P397 billion gift to coconut farmers

Combine the P102.95 billion present value of SMC investment of P1.65 billion and the P294.22 billion assets of UCPB today and you have P397.2 billion of assets.  The government keeps insisting those assets belong to the country’s some four million coconut farmers.

Unfortunately, the earnings from San Miguel are not worth P102 billion today, if you ask government people.  Figures vary because the earnings in cash dividends from the common and later preferred shares went into the national government’s General Fund.

P56B redemption

That leaves the P56.53 billion in redemption value personally handed over by Cojuangco to the government in 2015. It should have swelled to P68.72 billion by the end of 2016, assuming a 5% annual yield, and to P72.159 billion by end-June 2017.
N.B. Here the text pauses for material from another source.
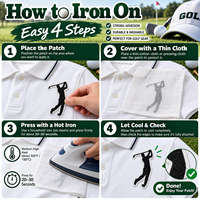 Lot de patchs brodés thermocollants pour clubs de golf, chariots à balles, visières, vestes, sacs – Décoration DIY pour golfeurs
As for UCPB, the government is in the process of privatizing the bank.  But it is doubtful whether the state can sell the bank without ECJ’s active consent or participation.  He owns at least 7.72% of UCPB, probably more if a closer scrutiny of the bank’s ownership structure was made.

Transforming San Miguel

In tandem with his trusted friend, adviser and executive, Ramon S. Ang, Cojuangco transformed San Miguel and nurtured it to become the Philippines’ largest and most diversified conglomerate.

Cojuangco, as chairman and CEO, presides over the largest, most profitable and most diversified conglomerate in the Philippines, San Miguel Corp. where he has been the chairman and chief executive officer (CEO) since 1998.

Today, SMC has P1.3 trillion in resources, P700 billion in annual sales, P52 billion in profits (in 2016), P250 billion in market capitalization, and unrivalled leadership in seven key businesses – beer and beverages, processed food, packaging, fuel and oils, power generation, tollways (58% of the market in kms and 80% of revenues), and other infrastructure.

SMC’s sales in 2016 accounted for 4.7% of the Gross Domestic Product or the total output of goods and services. No other company comes close.

Cojuangco sees San Miguel as only one facet of his business success.   More importantly, he believes, he likes to point at the incredible earnings he has made for the Philippine coconut industry as the better yardstick of what he has done in San Miguel and for the Filipino people.

Ailments

Cojuangco has, of course, battled major ailments –kidney (he had a transplant in late 2013), heart, liver, lungs, occasional pneumonia—and miraculously, conquered all of them. He looks as hale and hearty as a man half his age yet, with double the achievements of tycoons and peers of his generation.

San Miguel is Cojuangco’s teenage dream. Back in the late 1950s, when he was 16 or 17, he would pass by Ayala Avenue and gazed at the skyscraper that was the San Miguel headquarters then.

He wondered what it would take to take over a company as large as San Miguel and manage it.   In just three decades, Cojuangco fulfilled his dream as teener.  In 1983, he did something nobody thought before was possible.  He bought and took over majority control of the beer and beverage behemoth.    Despite being the majority owner, he entered into a voting trust agreement with the group of Andres Soriano Jr. allowing the Sorianos full management and control of San Miguel.   Then in 1986, People Power ousted the regime of Ferdinand E. Marcos, forcing the family’s exile, along with Cojuangco and his family.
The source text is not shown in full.